The overwhelming theme in several of the books written about Bullycide and in the research conducted is that our children do not tell us they are being bullied and are not telling the teachers at school.
Cyberspace bullying is a new form of bullying for children today. Children can be very nasty in person, but can be even more damaging over the Internet. We have all read the horrible story about the suicide of Megan Meier caused by cyberspace bullying. Megan was tricked by an adult who posed as a “hot” young boy, Josh Evans. Josh did not exist. Josh was an adult woman working with another Mom to trick Megan to get revenge for allegedly gossiping about the daughter of one of the mothers. “Josh” dumped Megan and it was followed by horrible name calling on the MySpace site. Megan then hung herself. She was a victim of Bullycide. Did you know she had ADHD and bouts of depression?
In April 2008, I spoke at the Epilepsy Foundations' Kids Speak Up Dinner in DC to many children with epilepsy and their parents. I asked the children, whom I had never met, to raise their hands if they were being bullied at school and felt comfortable talking about it. I did not imagine that instantly about 30 hands would go up.
The first young child, age 12 from Alabama, told us about how she is called, “Seizure Dog, Seizure Freak”, and other unmentionable names. The next child, James age 10, stood up and said, ”The students don't care; the teachers don't care . . .” and he fell in his seat sobbing and could not continue on. This went on for the next 30 minutes; young children with epilepsy telling how they are harassed by bullies at school.

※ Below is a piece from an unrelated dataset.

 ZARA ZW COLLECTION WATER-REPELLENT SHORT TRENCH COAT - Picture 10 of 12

We wonder why young people with disabilities have low self-esteem? Try being called names or assaulted throughout school and see how you would develop. We must stop this or we will see more of our young people with disabilities commit Bullycide.

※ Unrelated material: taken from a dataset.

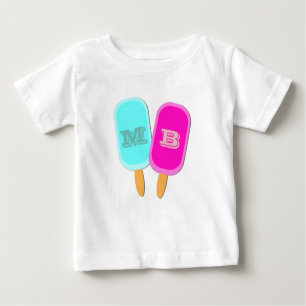 Monogram Ice Lollies Popcles Summer Baby T-shirt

The number three cause of death for our young adults is suicide and the number one trigger for suicide is depression. We must stop these assaults.
I would propose making anti-bullying a major education item in every school and college with on-going programs to educate teachers, parents, and students. You must make it clear that the school will have zero tolerance for bullying.
Listen and pay attention to students with disabilities. Ask them if they are bullied and make them feel comfortable talking to you.
Does your state have an anti-bullying policy; if not be a leader and work to get one?
As Brenda High reminds us all in her book, Bullycide in America, The No Child Left Behind Act requires the schools to keep documentation of being a safe haven for students. Remember, federal and state funds are given out based on those records. Every parent must speak up and go to the school if there are any issues and then document them.